Book Read Free

Brother Word

Page 8

by Derek Jackson


  “Pastor Gentry, I just knew something was wrong,” Sister Margie had later recounted, with tears rolling down her face. “I was sitting at my desk at 3:23, and I felt in my spirit that something had happened to Latriece. I started praying in the Spirit, and then I called my next-door neighbor, Etta, and told her to go in my house and get Latriece. Then the Lord showed me a vision of my baby in Stevens Creek, behind our house, and I told Etta to get my baby from that creek bed.”

  Etta Rosedale was in her late forties, and had probably never swum a day in her life. But like Sister Margie, she was a praying woman of God and she sensed the urgency of the request. While all this had been going on, Sister Margie had told one of her coworkers to call 911 and get the paramedics to her house.

  “All because you sensed this in the Spirit,” Alonzo had interrupted, just shaking his head. He would never cease to be amazed at the greatness of the God he served.

  “That’s right, Pastor.”

  Etta Rosedale, amazingly, had been able to quickly locate Latriece at the bottom of the creek and pull her to the shore. By then, the paramedics had arrived and were able to administer CPR, reviving Latriece. The local media outlets had wanted to credit either the fast-responding medics, the heroics of Etta Rosedale, or the quick thinking of Sister Margie as being responsible for saving Latriece’s life, but Sister Margie was adamant about who received the glory.

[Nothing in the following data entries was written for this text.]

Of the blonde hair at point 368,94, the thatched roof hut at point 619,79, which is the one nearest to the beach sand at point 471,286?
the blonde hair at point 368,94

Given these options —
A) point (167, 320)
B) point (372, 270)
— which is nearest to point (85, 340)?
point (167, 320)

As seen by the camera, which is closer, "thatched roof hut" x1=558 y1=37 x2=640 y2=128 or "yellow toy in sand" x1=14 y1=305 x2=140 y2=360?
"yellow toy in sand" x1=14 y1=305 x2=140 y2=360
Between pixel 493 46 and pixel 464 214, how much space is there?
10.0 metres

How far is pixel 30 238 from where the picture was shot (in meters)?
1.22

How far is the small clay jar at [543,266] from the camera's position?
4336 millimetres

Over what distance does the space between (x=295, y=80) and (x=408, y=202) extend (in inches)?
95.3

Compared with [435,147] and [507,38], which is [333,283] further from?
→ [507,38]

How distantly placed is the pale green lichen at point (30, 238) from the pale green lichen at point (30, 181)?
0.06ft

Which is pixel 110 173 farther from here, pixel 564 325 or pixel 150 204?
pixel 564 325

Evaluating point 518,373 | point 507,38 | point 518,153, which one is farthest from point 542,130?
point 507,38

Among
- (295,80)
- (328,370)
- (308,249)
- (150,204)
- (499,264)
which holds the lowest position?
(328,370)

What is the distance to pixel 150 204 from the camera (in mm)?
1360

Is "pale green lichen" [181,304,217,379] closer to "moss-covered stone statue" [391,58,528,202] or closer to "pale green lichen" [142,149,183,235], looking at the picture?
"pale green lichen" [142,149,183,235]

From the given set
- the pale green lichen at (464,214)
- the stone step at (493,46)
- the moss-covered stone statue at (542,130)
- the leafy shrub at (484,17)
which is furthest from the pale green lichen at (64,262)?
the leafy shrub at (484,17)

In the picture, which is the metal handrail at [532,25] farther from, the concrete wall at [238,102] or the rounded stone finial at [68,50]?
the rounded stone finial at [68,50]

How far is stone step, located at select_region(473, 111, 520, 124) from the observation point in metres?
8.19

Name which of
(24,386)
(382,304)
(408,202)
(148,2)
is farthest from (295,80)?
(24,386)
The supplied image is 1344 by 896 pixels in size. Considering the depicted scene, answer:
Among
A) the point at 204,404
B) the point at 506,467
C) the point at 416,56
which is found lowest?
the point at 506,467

  “The Lord Jesus saved my baby,” she had stated unflinchingly to all who would hear.

  In addition to these unforgettable miracles, Alonzo had witnessed other miraculous events in his congregation. Various members had had their debt supernaturally canceled; others had been healed of numerous diseases; others had received incredible promotions in their businesses; and still others had seen unsaved loved ones come to know the salvation of Jesus Christ.

  But the miracle of witnessing Lynn Harper’s blinded eyes being opened had literally taken his breath away. He’d believed that it could happen, sure. And he’d wanted it to happen. But to actually witness it? After personally knowing and sympathizing with Lynn’s desire to see, and then feeling the frustration of hearing the doctors report that Lynn would never see again?

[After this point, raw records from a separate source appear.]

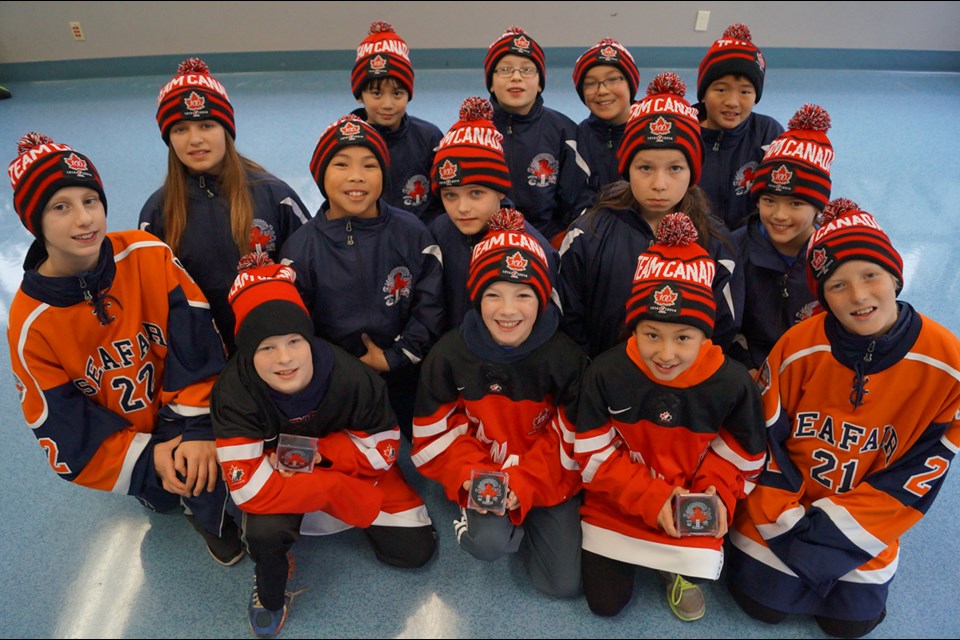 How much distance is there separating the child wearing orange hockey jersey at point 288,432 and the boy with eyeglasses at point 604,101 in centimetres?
148

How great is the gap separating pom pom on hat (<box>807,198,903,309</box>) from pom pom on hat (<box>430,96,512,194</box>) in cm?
104

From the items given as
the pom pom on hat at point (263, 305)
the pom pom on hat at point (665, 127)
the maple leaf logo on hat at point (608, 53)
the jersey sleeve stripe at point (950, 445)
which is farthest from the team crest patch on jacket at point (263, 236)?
the jersey sleeve stripe at point (950, 445)

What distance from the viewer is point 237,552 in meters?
A: 2.20

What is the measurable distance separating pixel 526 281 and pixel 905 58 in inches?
265

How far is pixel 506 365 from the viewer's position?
6.75 feet

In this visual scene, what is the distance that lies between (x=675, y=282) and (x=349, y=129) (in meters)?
1.21

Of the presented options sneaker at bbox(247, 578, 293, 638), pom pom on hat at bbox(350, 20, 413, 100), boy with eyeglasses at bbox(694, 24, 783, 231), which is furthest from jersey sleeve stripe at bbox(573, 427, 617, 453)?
pom pom on hat at bbox(350, 20, 413, 100)

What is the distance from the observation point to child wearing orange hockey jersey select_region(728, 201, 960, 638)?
5.81ft

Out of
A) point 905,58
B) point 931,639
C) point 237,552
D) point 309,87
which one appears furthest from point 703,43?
point 237,552

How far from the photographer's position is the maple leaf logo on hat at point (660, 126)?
2.16 m

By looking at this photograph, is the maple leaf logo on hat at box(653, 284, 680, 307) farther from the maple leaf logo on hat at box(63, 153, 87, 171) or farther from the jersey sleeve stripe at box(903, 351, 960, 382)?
the maple leaf logo on hat at box(63, 153, 87, 171)

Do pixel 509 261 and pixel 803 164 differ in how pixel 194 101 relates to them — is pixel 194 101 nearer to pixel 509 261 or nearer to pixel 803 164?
pixel 509 261

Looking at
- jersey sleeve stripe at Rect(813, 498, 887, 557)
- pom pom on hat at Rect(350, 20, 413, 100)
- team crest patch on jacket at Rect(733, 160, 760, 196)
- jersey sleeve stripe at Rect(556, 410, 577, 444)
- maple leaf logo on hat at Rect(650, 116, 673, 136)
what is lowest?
jersey sleeve stripe at Rect(813, 498, 887, 557)

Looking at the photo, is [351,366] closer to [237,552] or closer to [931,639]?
[237,552] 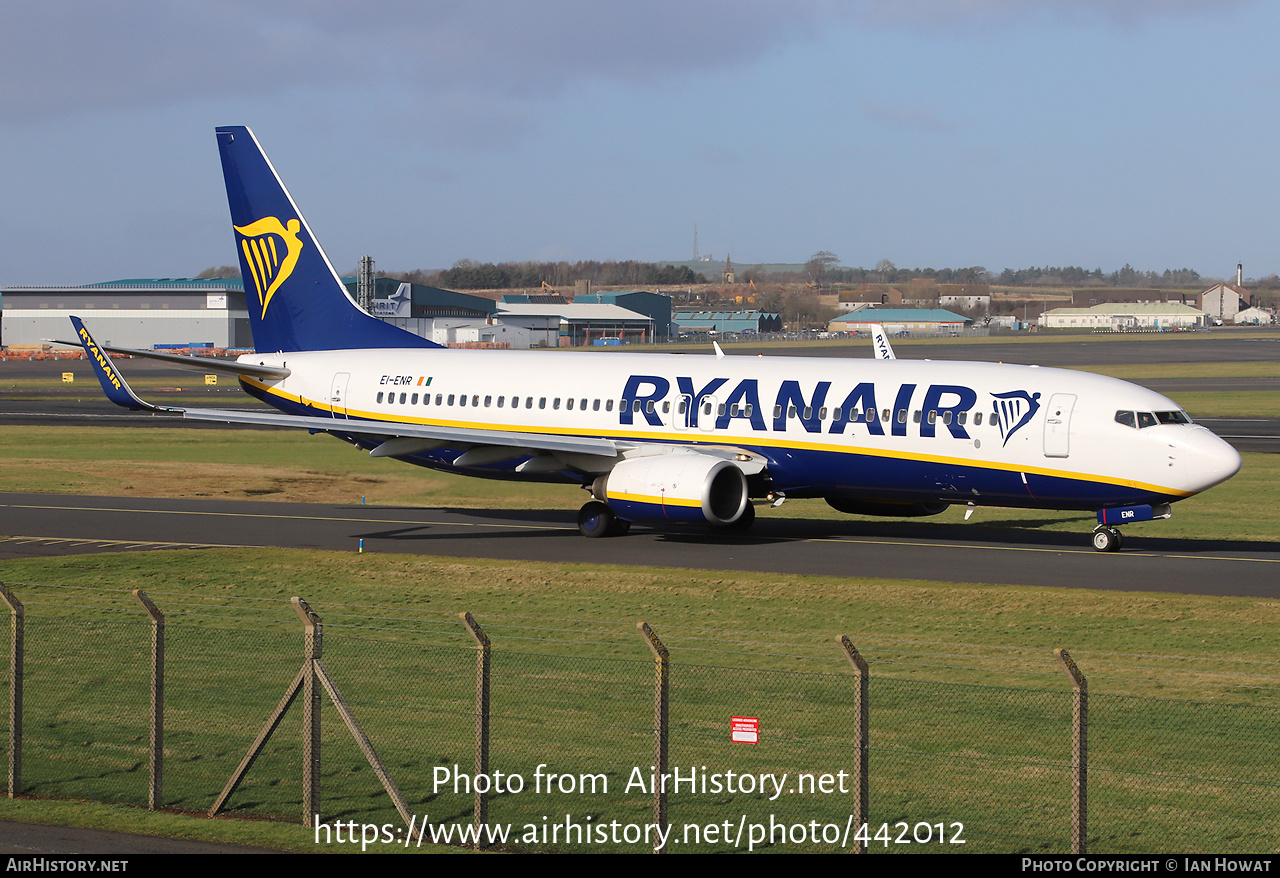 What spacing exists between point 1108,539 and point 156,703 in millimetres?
24143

  “God, You are such an awesome God,” he breathed, closing his Bible and leaning back in his chair. After the healing crusade, he’d gone back to his office, needing time and space to reflect on what he’d just seen. He felt a little like how Moses must have felt after the parting of the Red Sea, or Daniel the morning after spending the night in the lion’s den. Like those biblical giants of the faith, it radically stirred his faith to know he served a God who could do anything.

  Chapter Sixteen

  THE MORNING SUNRISE greeted Lynn’s eyes, transforming her daily devotional time into one of her most powerful experiences ever. Never again would she take for granted the small blessings in life—having all five of her senses working, being in her right mind, and being able to walk and move around without depending on someone else.

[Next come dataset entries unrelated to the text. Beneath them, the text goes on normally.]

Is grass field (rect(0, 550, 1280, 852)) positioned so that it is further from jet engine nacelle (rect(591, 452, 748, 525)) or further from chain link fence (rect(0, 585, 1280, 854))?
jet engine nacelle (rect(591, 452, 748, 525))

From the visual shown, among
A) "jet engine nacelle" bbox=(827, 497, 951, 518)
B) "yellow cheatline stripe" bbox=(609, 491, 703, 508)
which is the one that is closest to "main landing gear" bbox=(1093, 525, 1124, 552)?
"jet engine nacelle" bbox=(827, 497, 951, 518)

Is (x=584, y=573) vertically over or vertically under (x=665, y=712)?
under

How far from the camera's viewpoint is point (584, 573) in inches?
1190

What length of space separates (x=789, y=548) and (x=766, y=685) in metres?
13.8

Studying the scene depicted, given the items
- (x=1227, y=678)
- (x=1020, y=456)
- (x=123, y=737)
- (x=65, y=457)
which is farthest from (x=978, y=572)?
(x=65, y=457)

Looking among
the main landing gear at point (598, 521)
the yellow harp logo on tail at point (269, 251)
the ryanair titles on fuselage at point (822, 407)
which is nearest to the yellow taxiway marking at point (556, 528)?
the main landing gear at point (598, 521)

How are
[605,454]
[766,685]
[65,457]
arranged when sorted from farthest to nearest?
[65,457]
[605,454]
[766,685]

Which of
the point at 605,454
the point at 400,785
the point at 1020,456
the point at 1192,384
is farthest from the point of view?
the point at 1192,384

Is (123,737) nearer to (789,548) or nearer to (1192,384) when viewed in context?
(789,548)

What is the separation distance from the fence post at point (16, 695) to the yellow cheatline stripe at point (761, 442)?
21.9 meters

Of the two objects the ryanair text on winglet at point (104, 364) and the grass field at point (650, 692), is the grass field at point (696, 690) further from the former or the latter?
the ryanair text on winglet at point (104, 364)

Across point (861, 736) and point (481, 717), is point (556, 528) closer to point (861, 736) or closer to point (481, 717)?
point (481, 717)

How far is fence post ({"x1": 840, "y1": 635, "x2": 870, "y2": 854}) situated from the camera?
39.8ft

  Lord, You are so good . . . thank You for restoring my sight . . .

  She had spent all morning devouring the scriptures that spoke of divine healing, eager to understand more of the amazing phenomenon she had experienced. If God’s Word empowered Christians to lay hands on the sick and heal them, then why weren’t more Christians walking in the fullness of that power? All her life, she had read the awesome miracles chronicled in the Bible and subconsciously assumed they were for the biblical times. Some theologians even went as far as to say the miracles in the book of Acts were necessary in the days of the fledgling church to bring more believers into the fold. But once the church had grown and prospered, they said, such amazing miracles had no longer been necessary.

  Yet Lynn read in her Bible that Jesus promised “greater works” from the disciples that were to follow Him. And Lynn could not discard the apparent healing power that mysterious man had walked in—just look at all the incredible testimonies that had resulted from his demonstration of faith, herself included!

  God had given her a glimpse of a greater dimension of the power of His resurrection, and no matter how strong her faith had been before, she was compelled to increase it.

  She checked her watch and saw she had another two hours before she was scheduled to meet with Pastor Gentry at Faith Community. In light of the healing miracles that were taking place in Sumter and Columbia, her pastor had felt a need to restructure their outreach program. What greater way to reach the lost than as Jesus Himself had declared in the power of the gospel—that signs and wonders would follow those who believed?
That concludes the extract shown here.